• _Instructions to follow_
The records should be restated exactly from their first line through the line with "Gli invitati che" in it.

(Material for this exercise)

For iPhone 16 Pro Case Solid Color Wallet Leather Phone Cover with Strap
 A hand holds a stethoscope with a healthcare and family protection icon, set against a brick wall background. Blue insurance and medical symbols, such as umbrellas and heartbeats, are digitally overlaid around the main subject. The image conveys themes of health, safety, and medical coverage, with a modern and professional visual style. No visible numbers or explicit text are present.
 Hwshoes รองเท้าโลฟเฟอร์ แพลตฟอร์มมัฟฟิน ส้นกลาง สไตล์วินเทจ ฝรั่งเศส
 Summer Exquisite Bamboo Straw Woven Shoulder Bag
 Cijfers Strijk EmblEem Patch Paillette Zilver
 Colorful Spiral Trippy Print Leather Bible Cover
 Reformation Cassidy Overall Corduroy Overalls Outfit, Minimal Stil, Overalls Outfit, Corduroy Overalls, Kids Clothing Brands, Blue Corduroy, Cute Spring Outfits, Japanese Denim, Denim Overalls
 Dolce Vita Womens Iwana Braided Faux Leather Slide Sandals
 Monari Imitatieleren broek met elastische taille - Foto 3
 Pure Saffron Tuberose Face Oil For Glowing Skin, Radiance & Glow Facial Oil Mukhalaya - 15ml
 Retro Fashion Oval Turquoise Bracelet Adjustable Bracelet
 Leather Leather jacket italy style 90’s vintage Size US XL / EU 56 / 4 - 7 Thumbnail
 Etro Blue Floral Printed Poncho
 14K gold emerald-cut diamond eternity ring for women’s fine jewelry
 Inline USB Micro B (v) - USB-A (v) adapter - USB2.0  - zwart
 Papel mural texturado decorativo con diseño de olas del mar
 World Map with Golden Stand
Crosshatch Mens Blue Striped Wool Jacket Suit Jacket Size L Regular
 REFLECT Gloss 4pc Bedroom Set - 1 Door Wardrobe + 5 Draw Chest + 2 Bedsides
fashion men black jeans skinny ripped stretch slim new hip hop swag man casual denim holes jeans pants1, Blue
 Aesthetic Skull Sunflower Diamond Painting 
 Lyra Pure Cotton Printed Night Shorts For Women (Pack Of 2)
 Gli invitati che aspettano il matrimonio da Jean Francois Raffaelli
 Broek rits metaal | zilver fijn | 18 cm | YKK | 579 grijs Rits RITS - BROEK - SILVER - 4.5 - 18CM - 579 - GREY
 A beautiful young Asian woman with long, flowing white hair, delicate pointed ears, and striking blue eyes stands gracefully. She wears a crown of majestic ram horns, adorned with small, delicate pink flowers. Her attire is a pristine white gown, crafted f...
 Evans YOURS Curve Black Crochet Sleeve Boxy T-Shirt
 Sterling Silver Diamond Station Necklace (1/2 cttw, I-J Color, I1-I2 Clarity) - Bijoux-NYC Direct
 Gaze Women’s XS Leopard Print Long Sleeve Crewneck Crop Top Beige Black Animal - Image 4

(End Material for this exercise)

• _Task result_
For iPhone 16 Pro Case Solid Color Wallet Leather Phone Cover with Strap
 A hand holds a stethoscope with a healthcare and family protection icon, set against a brick wall background. Blue insurance and medical symbols, such as umbrellas and heartbeats, are digitally overlaid around the main subject. The image conveys themes of health, safety, and medical coverage, with a modern and professional visual style. No visible numbers or explicit text are present.
 Hwshoes รองเท้าโลฟเฟอร์ แพลตฟอร์มมัฟฟิน ส้นกลาง สไตล์วินเทจ ฝรั่งเศส
 Summer Exquisite Bamboo Straw Woven Shoulder Bag
 Cijfers Strijk EmblEem Patch Paillette Zilver
 Colorful Spiral Trippy Print Leather Bible Cover
 Reformation Cassidy Overall Corduroy Overalls Outfit, Minimal Stil, Overalls Outfit, Corduroy Overalls, Kids Clothing Brands, Blue Corduroy, Cute Spring Outfits, Japanese Denim, Denim Overalls
 Dolce Vita Womens Iwana Braided Faux Leather Slide Sandals
 Monari Imitatieleren broek met elastische taille - Foto 3
 Pure Saffron Tuberose Face Oil For Glowing Skin, Radiance & Glow Facial Oil Mukhalaya - 15ml
 Retro Fashion Oval Turquoise Bracelet Adjustable Bracelet
 Leather Leather jacket italy style 90’s vintage Size US XL / EU 56 / 4 - 7 Thumbnail
 Etro Blue Floral Printed Poncho
 14K gold emerald-cut diamond eternity ring for women’s fine jewelry
 Inline USB Micro B (v) - USB-A (v) adapter - USB2.0  - zwart
 Papel mural texturado decorativo con diseño de olas del mar
 World Map with Golden Stand
Crosshatch Mens Blue Striped Wool Jacket Suit Jacket Size L Regular
 REFLECT Gloss 4pc Bedroom Set - 1 Door Wardrobe + 5 Draw Chest + 2 Bedsides
fashion men black jeans skinny ripped stretch slim new hip hop swag man casual denim holes jeans pants1, Blue
 Aesthetic Skull Sunflower Diamond Painting 
 Lyra Pure Cotton Printed Night Shorts For Women (Pack Of 2)
 Gli invitati che aspettano il matrimonio da Jean Francois Raffaelli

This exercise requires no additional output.